Halte à la guerre de Poutine contre l’Ukraine. Halte aux profiteurs de guerre, Biden, Macron et Cie

17 mai 2022 Convergences Monde

Personne ne semble voir le bout de la guerre en Ukraine, au cœur de l’Europe, déclenchée par Poutine le 24 février dernier. Une guerre considérée maintenant par le monde bourgeois comme une guerre sans fin, du moins qui pourrait durer des années. On nous dit que l’armée russe serait sérieusement affaiblie, aurait reculé devant le projet initial de marcher sur la capitale Kiev pour déboulonner le président Zelensky ; que, face à la détermination du camp ukrainien, cette armée russe aurait subi de lourdes pertes en hommes et matériel (entre autres la mort au combat d’une douzaine de généraux et le « coulage » du croiseur Moskva sur la mer Noire) et que Poutine ne chercherait plus qu’à conquérir le Donbass à l’est et une partie du sud du pays (pour terminer la guerre commencée en 2014). Toujours est-il que l’œuvre de mort et de dévastation continue. Vies civiles et militaires détruites. Villages, quartiers de villes, infrastructures économiques réduits en cendres ou à l’état de carcasses fantomatiques. Massacres, tortures, viols, exode massif vers d’autres régions ou d’autres pays. Plus de trois millions d’Ukrainiens et Ukrainiennes en Pologne. Chaque jour apporte son lot de témoignages sur l’horreur. Pas un signe de la moindre trêve, a fortiori de la moindre velléité de négociation du côté de Poutine. Un vrai désastre, certes pas le seul sur cette planète, mais le plus récent et lourd de conséquences.

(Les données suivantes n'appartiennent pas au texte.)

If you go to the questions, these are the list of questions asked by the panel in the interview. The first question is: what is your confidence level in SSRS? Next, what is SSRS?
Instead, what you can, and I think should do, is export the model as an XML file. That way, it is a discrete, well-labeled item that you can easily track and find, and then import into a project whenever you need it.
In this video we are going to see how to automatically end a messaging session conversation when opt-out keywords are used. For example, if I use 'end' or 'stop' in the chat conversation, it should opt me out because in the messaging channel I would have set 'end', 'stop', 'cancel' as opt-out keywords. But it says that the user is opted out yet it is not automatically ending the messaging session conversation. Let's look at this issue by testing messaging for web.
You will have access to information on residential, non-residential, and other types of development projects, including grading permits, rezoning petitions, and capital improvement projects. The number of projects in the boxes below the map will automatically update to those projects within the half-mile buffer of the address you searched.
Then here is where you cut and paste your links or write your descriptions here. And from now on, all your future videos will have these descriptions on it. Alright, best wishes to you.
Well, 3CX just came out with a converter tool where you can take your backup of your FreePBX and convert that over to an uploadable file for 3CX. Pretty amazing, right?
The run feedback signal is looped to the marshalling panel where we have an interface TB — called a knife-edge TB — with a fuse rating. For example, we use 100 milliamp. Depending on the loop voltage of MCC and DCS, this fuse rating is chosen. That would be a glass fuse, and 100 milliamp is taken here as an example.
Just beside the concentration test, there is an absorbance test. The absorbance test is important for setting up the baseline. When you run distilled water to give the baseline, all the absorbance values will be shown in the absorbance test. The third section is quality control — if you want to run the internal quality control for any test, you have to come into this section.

La chape de plomb politique

L’autocrate russe poursuit son entreprise guerrière infernale, contre un peuple et des travailleurs ukrainiens qu’il semble avoir ainsi soudés derrière un régime pourtant corrompu d’oligarques-capitalistes qui dominent l’économie nationale. Du genre de ceux qui se sont imposés dans la Russie voisine, qui ont bâti leur fortune sur l’exploitation des travailleurs, depuis le dépeçage de l’URSS il y a plus de trente ans.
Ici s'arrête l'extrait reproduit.